What you are asked to do
Output the first line below and each one after it, exactly, up to and including the line holding "Opposition National Assembly". Pictures should not be copied.

(Web page caption snippets)

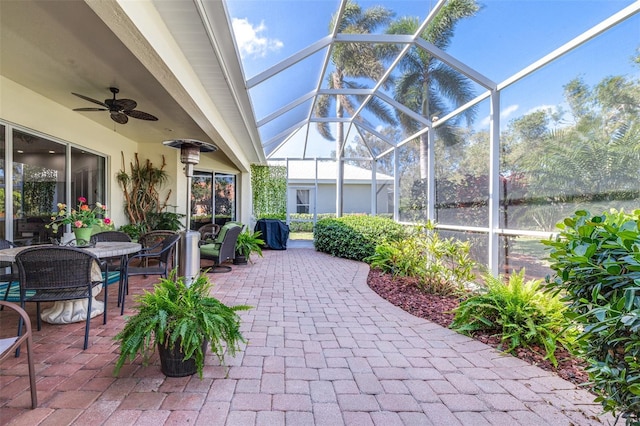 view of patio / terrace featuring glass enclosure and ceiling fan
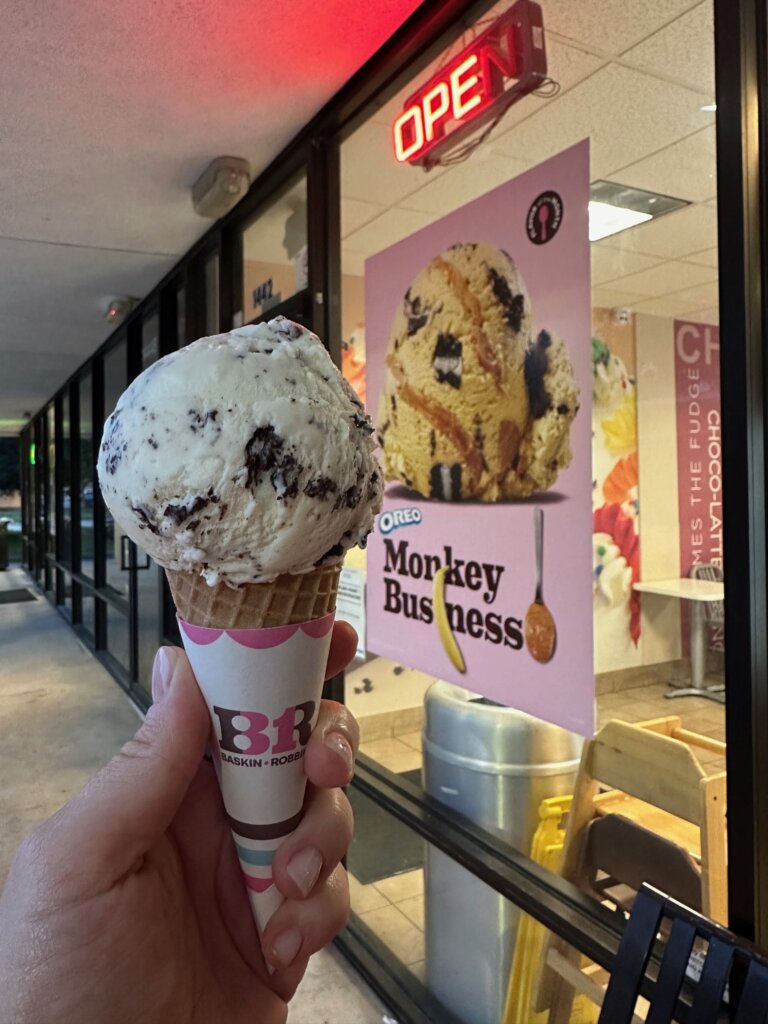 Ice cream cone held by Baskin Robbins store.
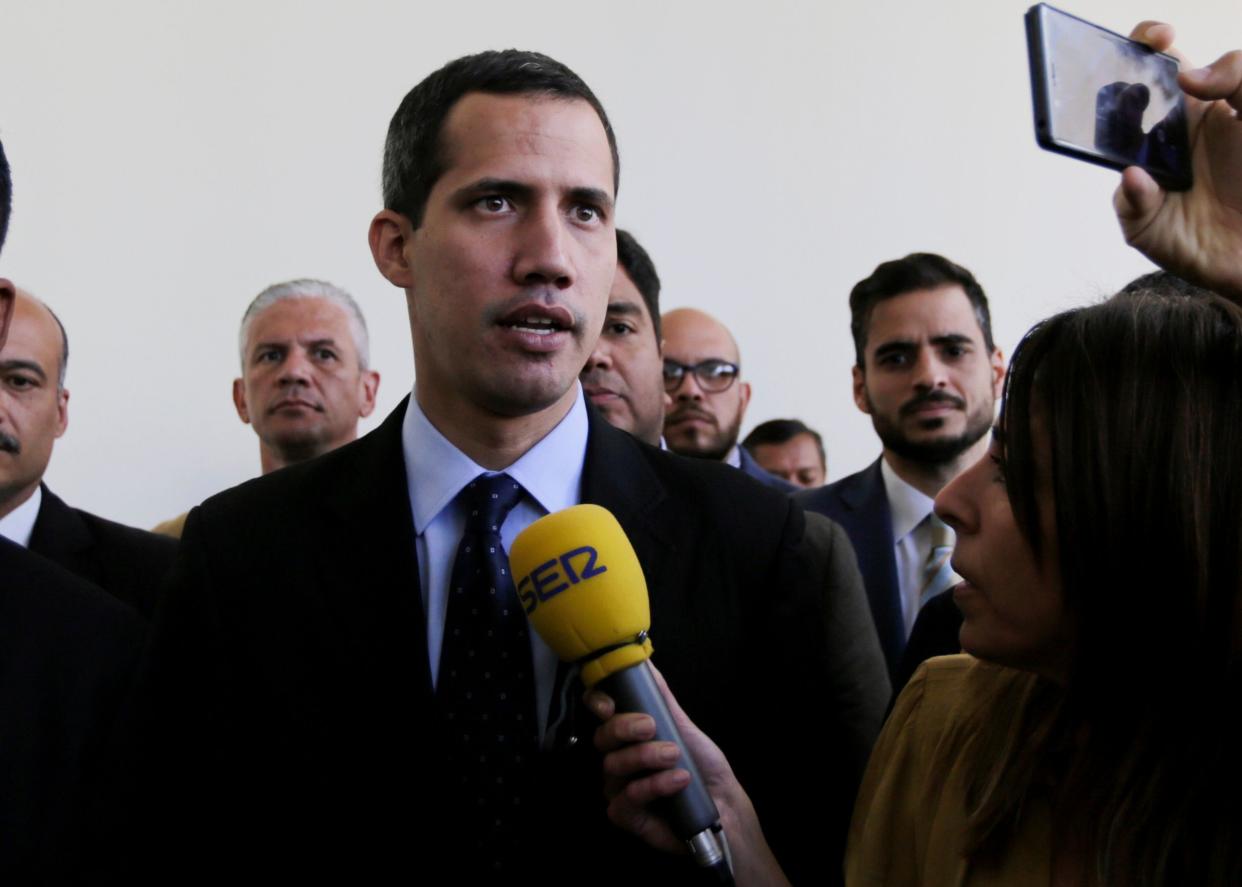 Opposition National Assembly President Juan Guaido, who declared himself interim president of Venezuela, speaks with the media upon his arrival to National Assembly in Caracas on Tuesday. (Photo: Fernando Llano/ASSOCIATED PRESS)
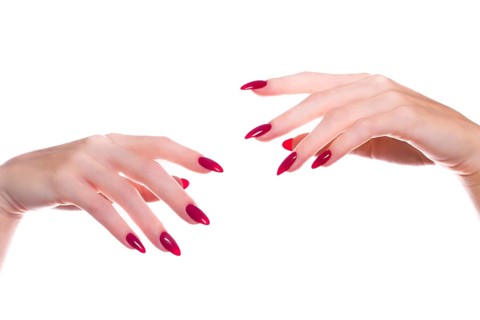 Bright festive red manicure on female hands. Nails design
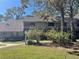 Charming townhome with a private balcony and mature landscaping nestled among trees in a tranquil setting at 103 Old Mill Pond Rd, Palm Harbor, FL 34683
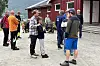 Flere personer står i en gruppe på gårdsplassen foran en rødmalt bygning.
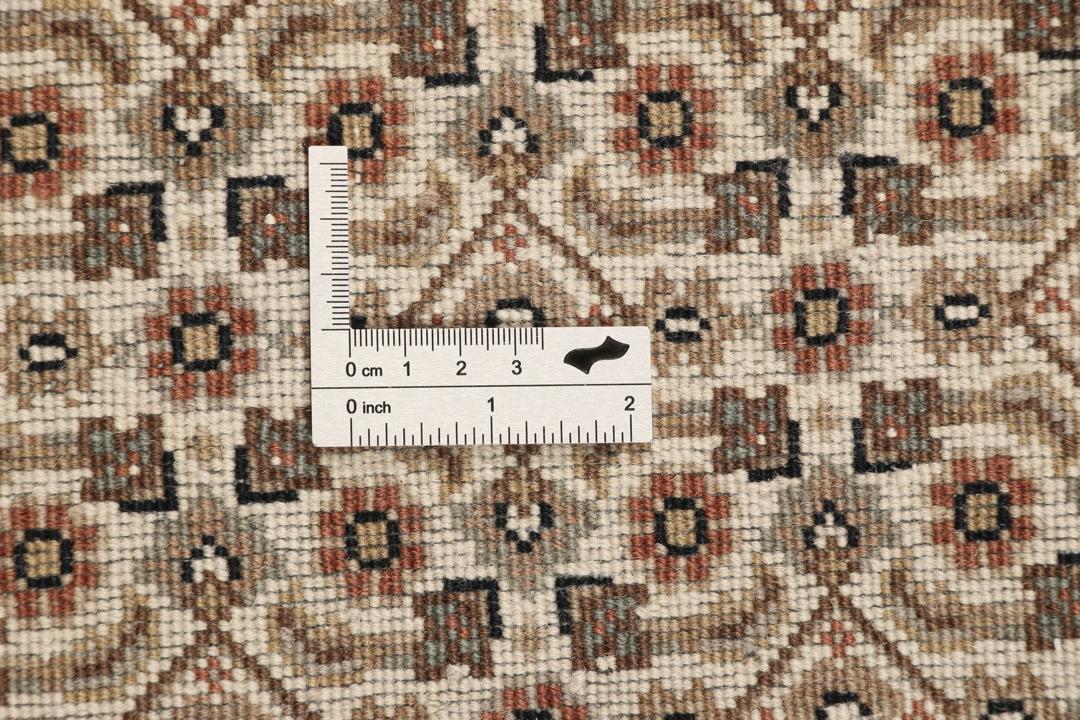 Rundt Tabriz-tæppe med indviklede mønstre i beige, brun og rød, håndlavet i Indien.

Written answer
 view of patio / terrace featuring glass enclosure and ceiling fan
 Ice cream cone held by Baskin Robbins store.
 Opposition National Assembly President Juan Guaido, who declared himself interim president of Venezuela, speaks with the media upon his arrival to National Assembly in Caracas on Tuesday. (Photo: Fernando Llano/ASSOCIATED PRESS)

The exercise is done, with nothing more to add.